Tuesday, February 26, 2008

Skiing on snow, not ice?!


I headed up north to go skiing with my dad at powder mountain and snowbasin. Snowbasin is where the 2002 Salt Lake Olympic courses were. By riding a small tram and listening to a "you might die skiing here" spiel from the lift operator, you can get up to the ridge at the very top where the downhill start huts are. Below the starts was a snowfield that was amazingly fun to ski down, but only while making lots of turns. I can't quite imagine going straight down it at 80 mph like downhillers do.


Earlier in the day, the mountain was entirely shrouded in dense fog. I couldn't see more than a dozen yards. One side of the mountain had almost no trees, and there would be sections where nothing was visible but white. No trees, no skiiers, no signs. I couldn't tell the ground from the air. Gravity was the only sense I had left, the only thing to do was go down (and hope a sketchy cliff didn't materialize out of the fog. Later in the day, the sun finally appeared.

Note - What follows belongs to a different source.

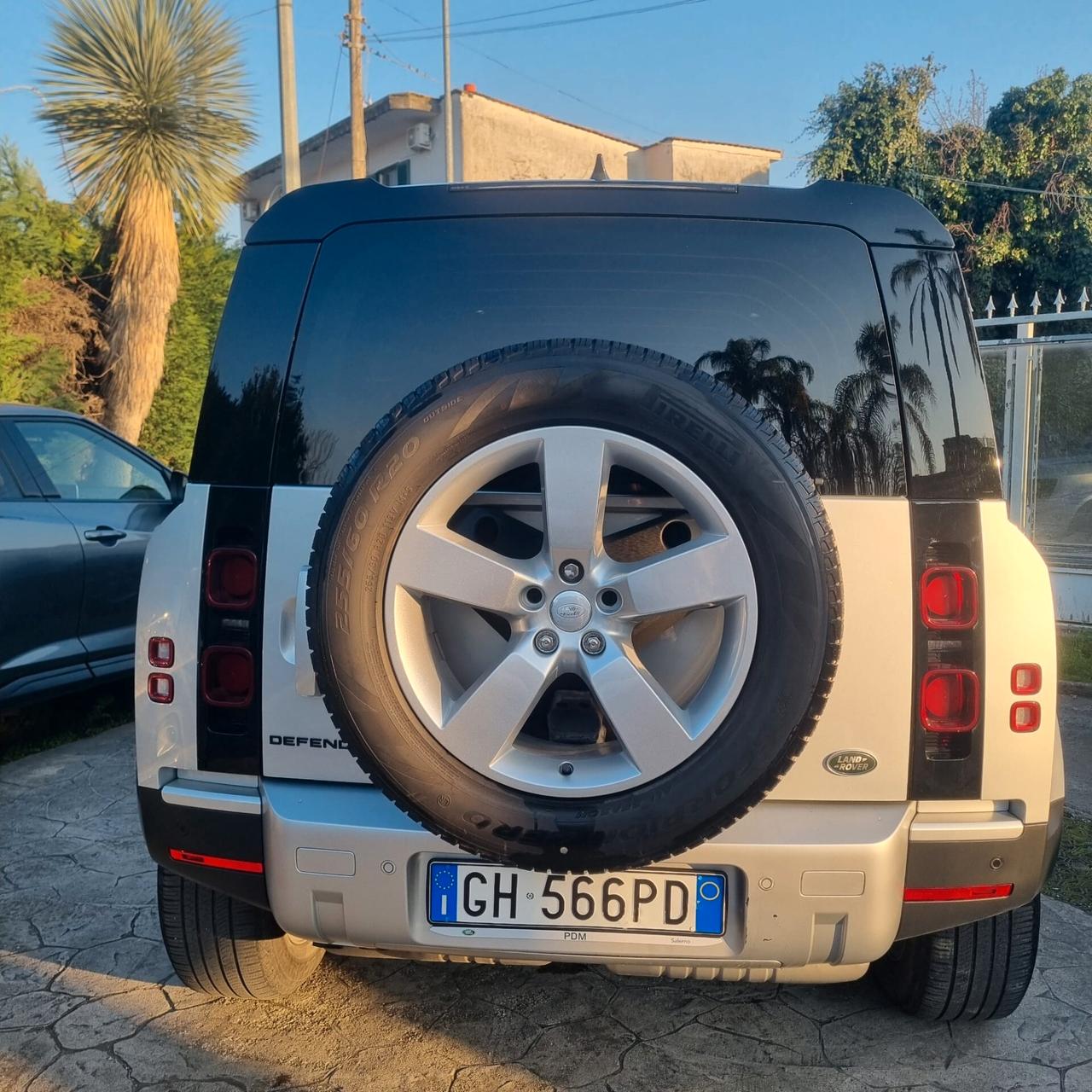 Land Rover Defender 110 3.0D I6 200 CV AWD Auto SE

The other mountain, powder mountain, lived up to its name, and I got to ski real, western powder for the first time in my life. It really was floaty and lovely. But bizarre to ski in - you have to lean back (which goes against everything I have ever learned about skiing on ice back east).


We weren't allowed to burn real wood in our fireplace, so we got a firelog that spewed green flames. Kind of wierd, but kind of fun too.